*** Material for this exercise Section Begins ***

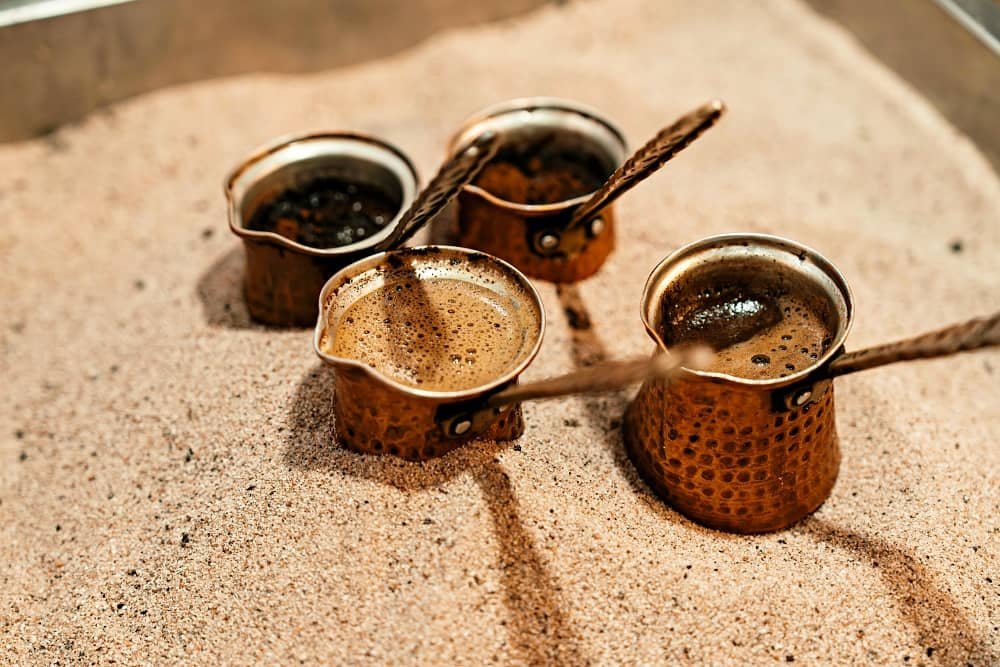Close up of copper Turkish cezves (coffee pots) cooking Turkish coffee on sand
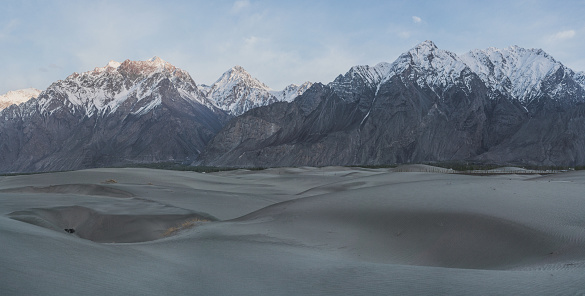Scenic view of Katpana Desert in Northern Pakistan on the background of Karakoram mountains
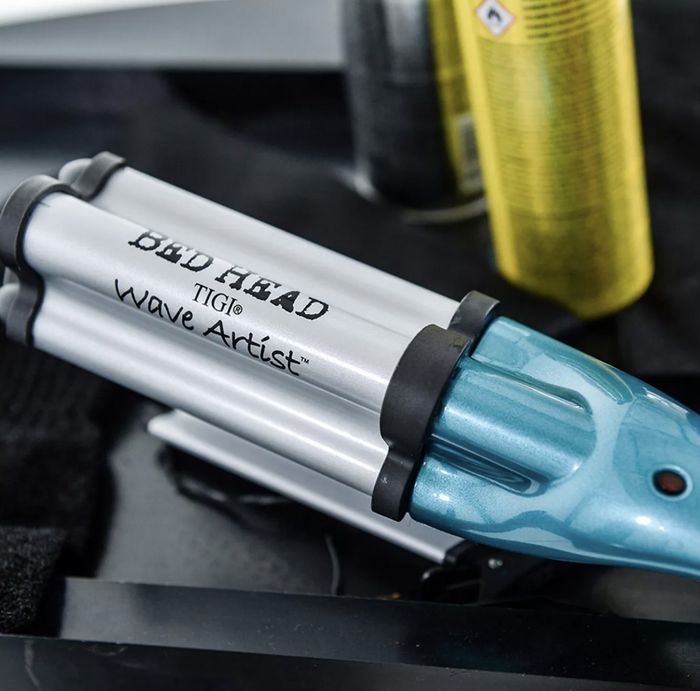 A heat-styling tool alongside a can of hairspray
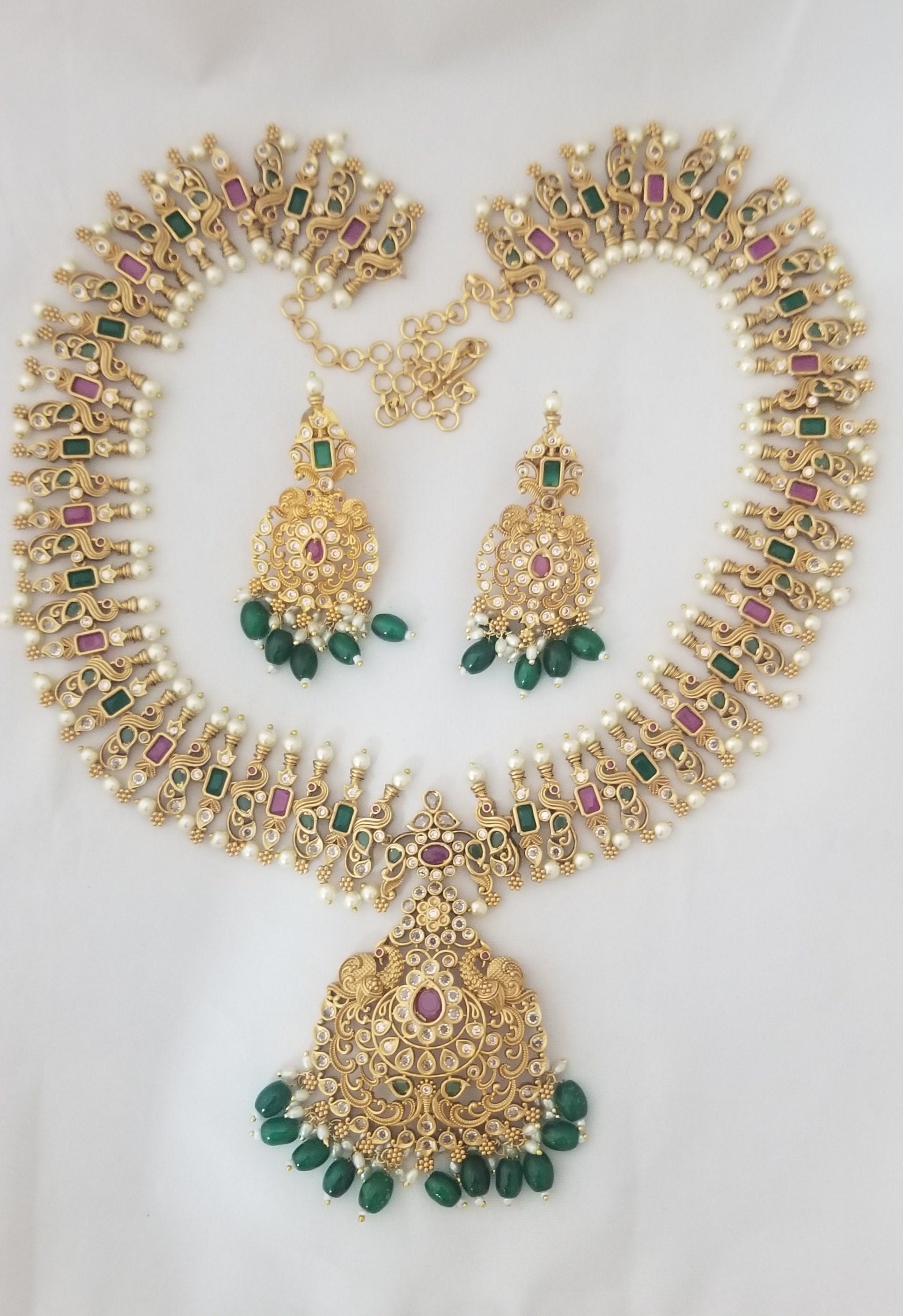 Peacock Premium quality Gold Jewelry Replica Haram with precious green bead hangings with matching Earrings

*** Material for this exercise Section Ends ***
*** Material for this exercise Section Begins ***

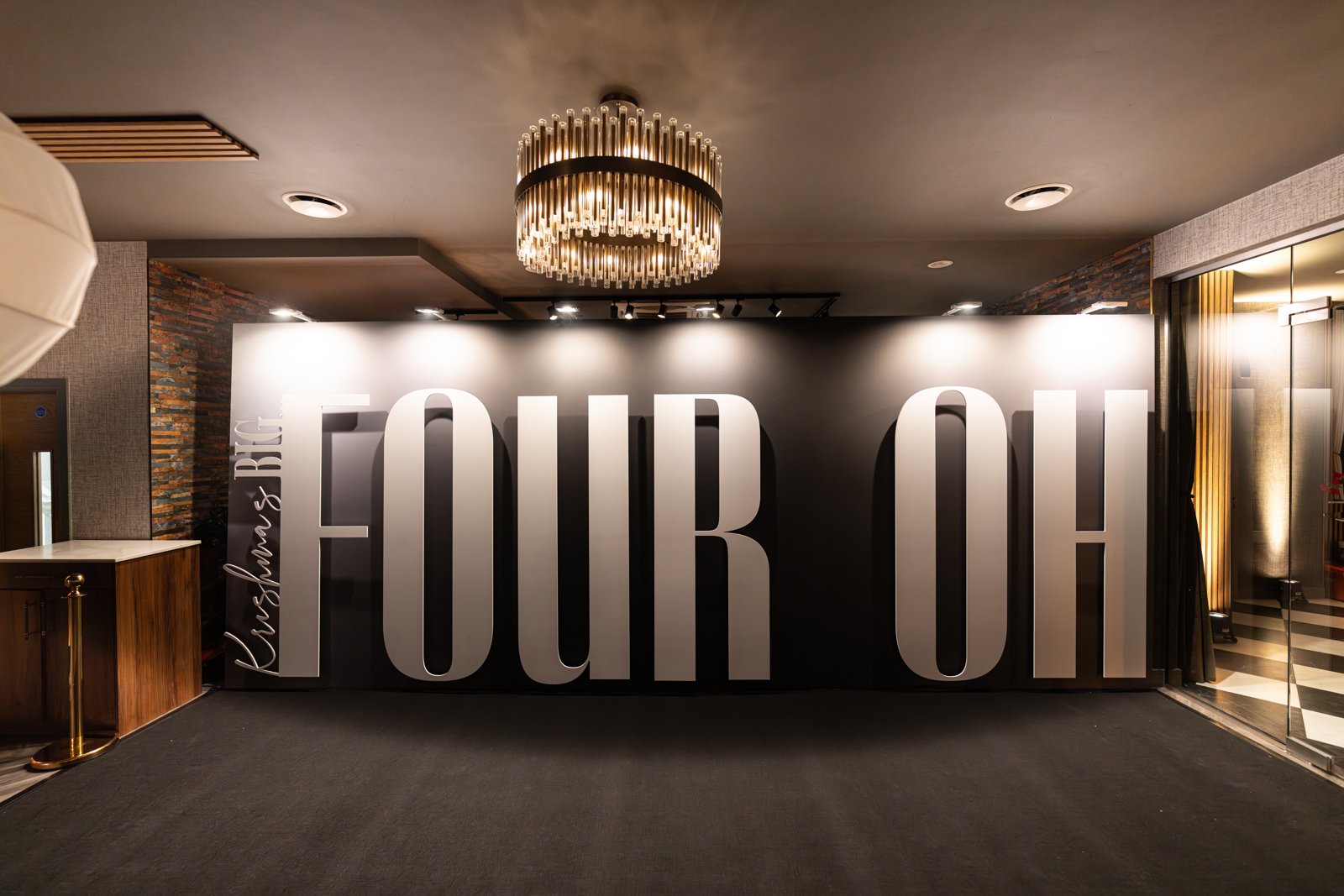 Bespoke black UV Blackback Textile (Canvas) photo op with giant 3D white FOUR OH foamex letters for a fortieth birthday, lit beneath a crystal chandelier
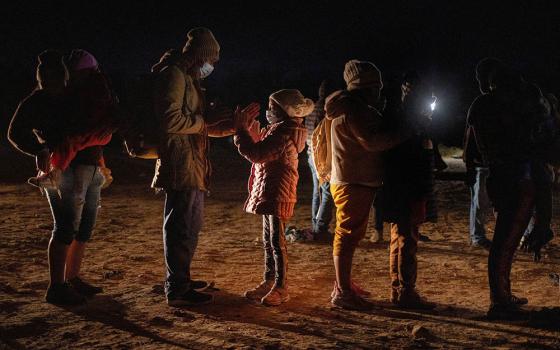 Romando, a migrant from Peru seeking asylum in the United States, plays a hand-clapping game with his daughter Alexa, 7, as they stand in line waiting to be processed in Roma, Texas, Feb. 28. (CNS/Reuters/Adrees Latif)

*** Material for this exercise Section Ends ***

▶ [Exercise requirements]
Of the records above, print only the lines from the one containing "A heat-styling tool" through the one containing "Peacock Premium quality", inclusive and unaltered, leaving out pictures.

▶ [Response to this task]
 A heat-styling tool alongside a can of hairspray
 Peacock Premium quality Gold Jewelry Replica Haram with precious green bead hangings with matching Earrings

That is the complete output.